→ **SOURCE MATERIAL**
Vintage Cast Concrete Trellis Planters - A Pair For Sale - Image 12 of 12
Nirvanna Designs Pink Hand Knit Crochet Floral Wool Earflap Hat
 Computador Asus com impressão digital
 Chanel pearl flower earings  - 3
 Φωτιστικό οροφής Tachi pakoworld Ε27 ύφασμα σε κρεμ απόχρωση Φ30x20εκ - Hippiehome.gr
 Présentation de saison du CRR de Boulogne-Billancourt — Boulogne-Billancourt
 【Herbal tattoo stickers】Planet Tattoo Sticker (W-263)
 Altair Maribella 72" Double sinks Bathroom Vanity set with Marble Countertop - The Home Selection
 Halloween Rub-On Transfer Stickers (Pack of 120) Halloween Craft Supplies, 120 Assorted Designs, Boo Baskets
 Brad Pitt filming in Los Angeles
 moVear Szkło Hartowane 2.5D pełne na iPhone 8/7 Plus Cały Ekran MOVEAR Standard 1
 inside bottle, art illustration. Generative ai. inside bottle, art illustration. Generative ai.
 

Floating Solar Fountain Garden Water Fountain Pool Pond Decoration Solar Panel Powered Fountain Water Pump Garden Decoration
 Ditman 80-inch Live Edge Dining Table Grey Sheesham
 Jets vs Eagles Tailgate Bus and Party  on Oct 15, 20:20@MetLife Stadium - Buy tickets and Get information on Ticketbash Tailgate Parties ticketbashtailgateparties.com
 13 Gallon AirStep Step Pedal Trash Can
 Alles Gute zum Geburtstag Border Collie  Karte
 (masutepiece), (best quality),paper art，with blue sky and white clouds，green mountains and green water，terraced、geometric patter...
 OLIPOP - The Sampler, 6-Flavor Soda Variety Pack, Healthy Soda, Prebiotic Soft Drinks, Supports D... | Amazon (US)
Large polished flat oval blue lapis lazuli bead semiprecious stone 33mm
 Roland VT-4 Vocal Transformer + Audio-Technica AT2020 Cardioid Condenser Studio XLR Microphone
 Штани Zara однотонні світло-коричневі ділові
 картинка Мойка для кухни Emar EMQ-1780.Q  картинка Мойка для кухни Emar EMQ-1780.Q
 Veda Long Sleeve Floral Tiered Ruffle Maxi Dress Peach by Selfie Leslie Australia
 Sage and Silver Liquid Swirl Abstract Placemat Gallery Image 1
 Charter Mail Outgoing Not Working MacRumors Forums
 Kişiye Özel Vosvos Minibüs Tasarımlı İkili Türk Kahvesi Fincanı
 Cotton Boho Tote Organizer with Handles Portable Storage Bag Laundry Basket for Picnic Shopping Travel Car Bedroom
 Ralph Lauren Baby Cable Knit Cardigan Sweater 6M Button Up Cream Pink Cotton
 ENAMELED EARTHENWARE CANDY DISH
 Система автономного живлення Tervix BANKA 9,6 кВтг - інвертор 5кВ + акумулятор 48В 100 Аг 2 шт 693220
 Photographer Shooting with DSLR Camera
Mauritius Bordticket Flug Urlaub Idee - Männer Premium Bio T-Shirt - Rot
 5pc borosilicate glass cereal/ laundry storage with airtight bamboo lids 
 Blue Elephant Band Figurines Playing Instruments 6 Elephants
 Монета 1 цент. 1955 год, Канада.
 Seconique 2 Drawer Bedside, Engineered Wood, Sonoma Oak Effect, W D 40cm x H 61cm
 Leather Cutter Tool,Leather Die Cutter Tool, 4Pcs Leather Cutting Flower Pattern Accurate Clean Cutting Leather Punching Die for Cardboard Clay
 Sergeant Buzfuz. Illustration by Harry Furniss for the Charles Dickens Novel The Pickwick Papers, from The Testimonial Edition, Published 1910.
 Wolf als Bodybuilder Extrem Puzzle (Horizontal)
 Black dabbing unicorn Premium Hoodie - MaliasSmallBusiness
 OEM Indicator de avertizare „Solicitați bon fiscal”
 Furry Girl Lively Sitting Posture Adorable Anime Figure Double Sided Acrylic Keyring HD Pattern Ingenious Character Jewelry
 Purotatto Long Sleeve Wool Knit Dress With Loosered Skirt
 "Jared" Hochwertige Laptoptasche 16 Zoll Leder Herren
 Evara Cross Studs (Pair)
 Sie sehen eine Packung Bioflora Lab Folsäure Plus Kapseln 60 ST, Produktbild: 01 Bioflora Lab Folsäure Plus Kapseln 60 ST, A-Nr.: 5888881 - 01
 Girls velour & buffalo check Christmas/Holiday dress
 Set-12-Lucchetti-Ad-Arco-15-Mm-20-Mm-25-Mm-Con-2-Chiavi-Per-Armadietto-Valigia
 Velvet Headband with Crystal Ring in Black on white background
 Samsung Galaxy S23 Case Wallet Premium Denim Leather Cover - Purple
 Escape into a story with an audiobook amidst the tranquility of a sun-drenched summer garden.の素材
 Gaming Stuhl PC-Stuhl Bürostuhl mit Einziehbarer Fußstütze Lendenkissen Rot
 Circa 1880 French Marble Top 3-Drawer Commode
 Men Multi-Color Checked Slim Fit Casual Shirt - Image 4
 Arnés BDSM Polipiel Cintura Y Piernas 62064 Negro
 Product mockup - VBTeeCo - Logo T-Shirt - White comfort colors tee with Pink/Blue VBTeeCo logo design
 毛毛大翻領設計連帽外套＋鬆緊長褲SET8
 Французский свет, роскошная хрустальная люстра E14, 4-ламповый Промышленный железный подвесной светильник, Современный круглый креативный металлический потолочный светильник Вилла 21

→ **WHAT YOU NEED TO DO**
Copy out only the lines of the records above from the one with "Φωτιστικό οροφής Tachi" through the one with "The Home Selection", exactly as they stand, both included.

→ **WRITTEN REPLY**
 Φωτιστικό οροφής Tachi pakoworld Ε27 ύφασμα σε κρεμ απόχρωση Φ30x20εκ - Hippiehome.gr
 Présentation de saison du CRR de Boulogne-Billancourt — Boulogne-Billancourt
 【Herbal tattoo stickers】Planet Tattoo Sticker (W-263)
 Altair Maribella 72" Double sinks Bathroom Vanity set with Marble Countertop - The Home Selection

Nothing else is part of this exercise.